- Born: 26 March 1864 France
- Died: 1 November 1944 (aged 80)
- Known for: Pioneering petrography of sedimentary rocks
- Awards: Member, French Academy of Sciences
- Scientific career
- Fields: Geology
- Institutions: Collège de France

= Lucien Cayeux =

Lucien Cayeux (26 March 1864-1 November 1944) was a French sedimentary petrographer.

In 1902, he joined the l'Ecole des Mines and become a professor of geology. In 1912, he was named as professor of geology at the Collège de France. He was admitted to the Académie des Sciences in 1928.

He is noted for his study of sediments with the polarizing microscope, and was one of the pioneers in this field.

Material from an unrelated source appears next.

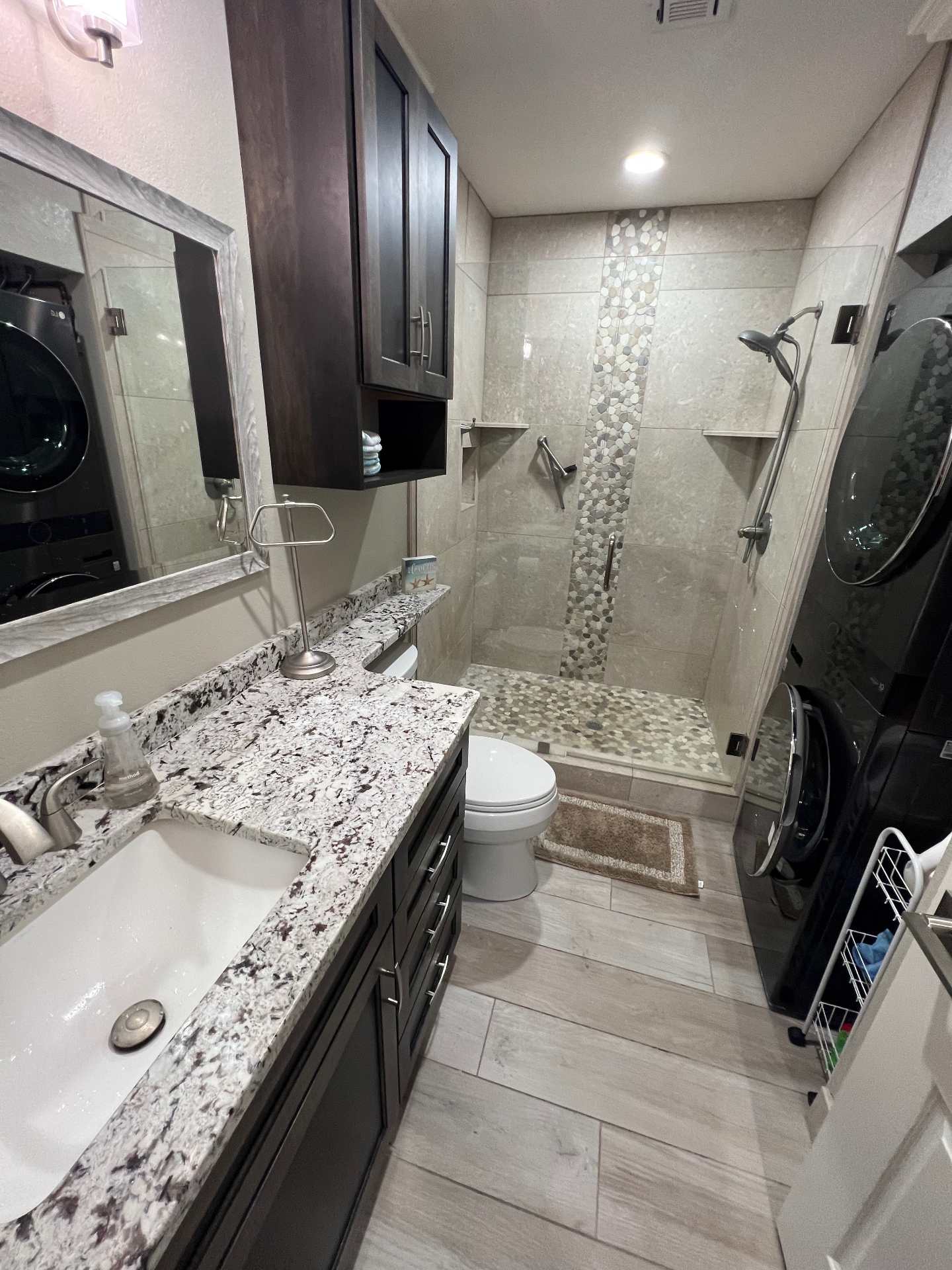 Stone walk-in shower with stacked laundry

The wrinkle ridge Dorsum Cayeux on the moon is named after him.

==Bibliography==
- "Études des Gites Minéraux de la France", 1906.
- "Les Minerais de Fer Oolithiques de France", 1909.
- "Introduction à l'étude Pétrographique des Roches Sédimentaires", 1916.
- "Les Roches Sédimentaires de France", 1929.
- "Les Phosphates de Chaux Sédimentaire de France", 1941.
- "Causes Anciennes et Causes Actuelles en Géologie", 1941.
He also published a number of scientific papers.